● What the exercise asks: For this exercise, copy the data exactly and omit any images.

● Recorded information:
• • • • • • •

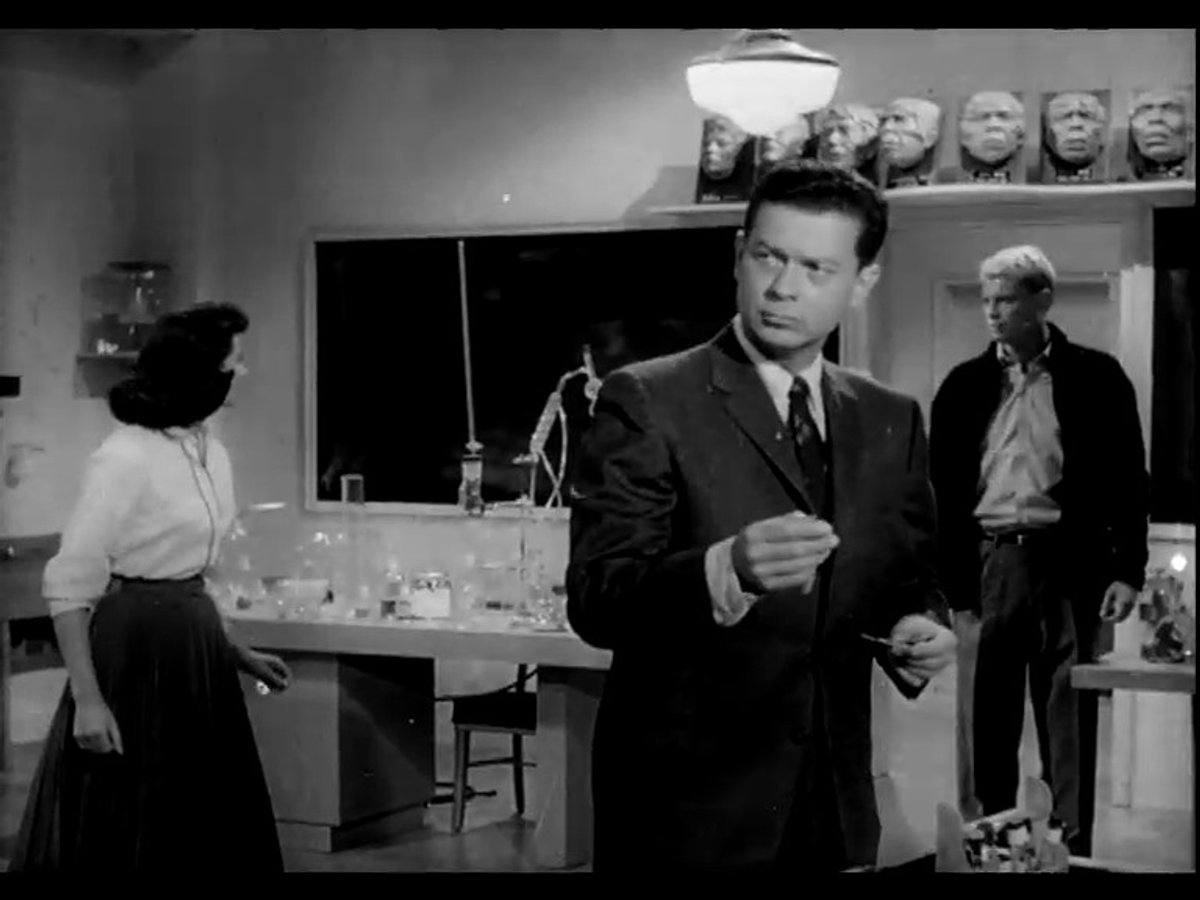 000214138.mp4 000214138.mp4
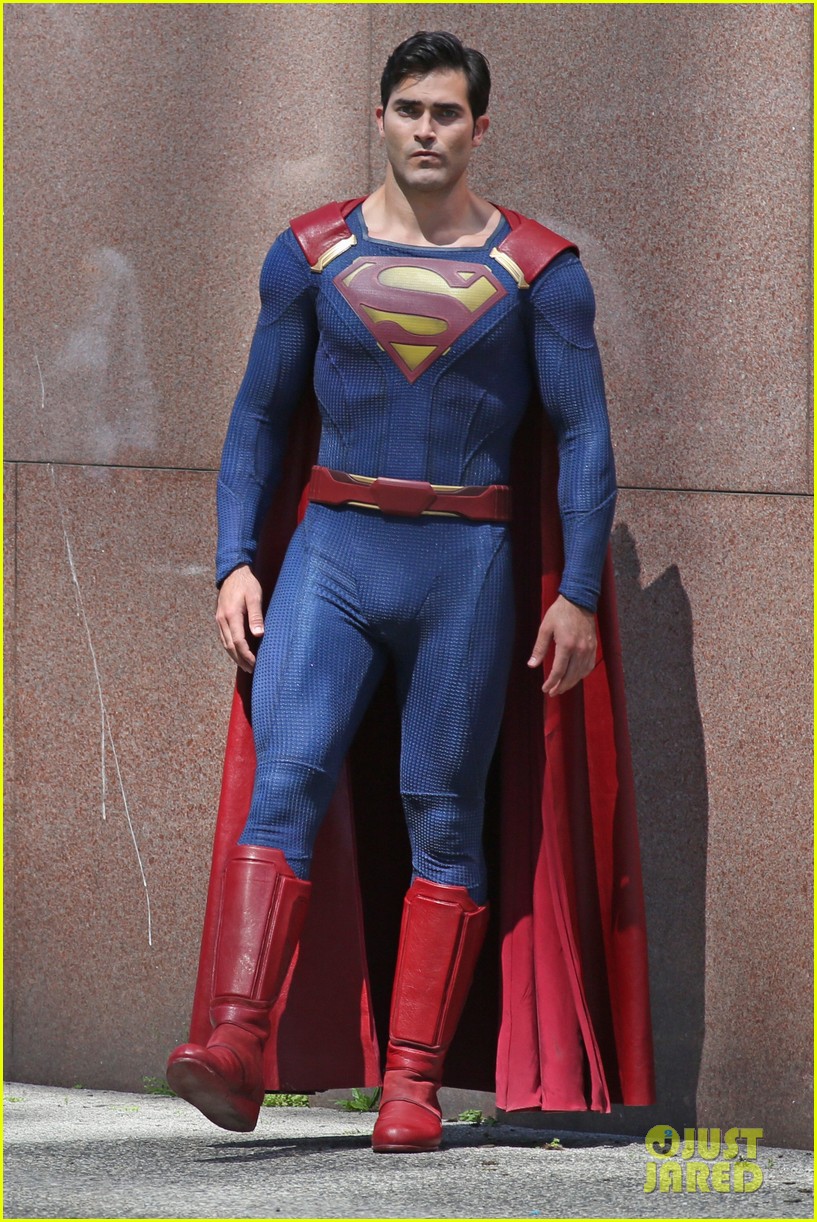 tyler-hoechlin-saves-day-on-supergirl-as-superman-filming-12.jpg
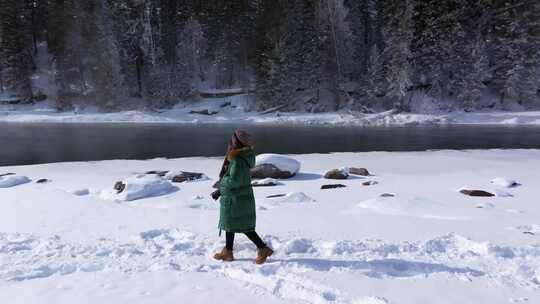 航拍新疆阿勒泰冬季喀纳斯游客在雪地上游玩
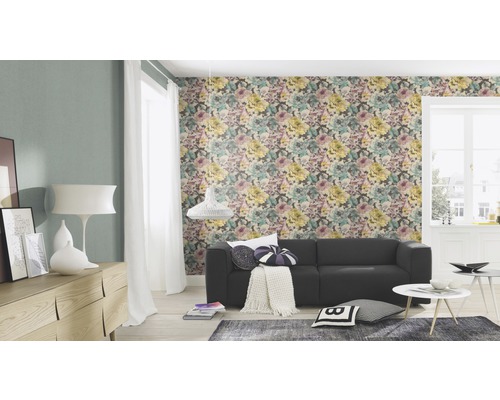 Vardagsrum med blommig tapet, soffa och heminredning för en mysig atmosfär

• • • • • • •

● Solution for this problem:
 000214138.mp4 000214138.mp4
 tyler-hoechlin-saves-day-on-supergirl-as-superman-filming-12.jpg
 航拍新疆阿勒泰冬季喀纳斯游客在雪地上游玩
 Vardagsrum med blommig tapet, soffa och heminredning för en mysig atmosfär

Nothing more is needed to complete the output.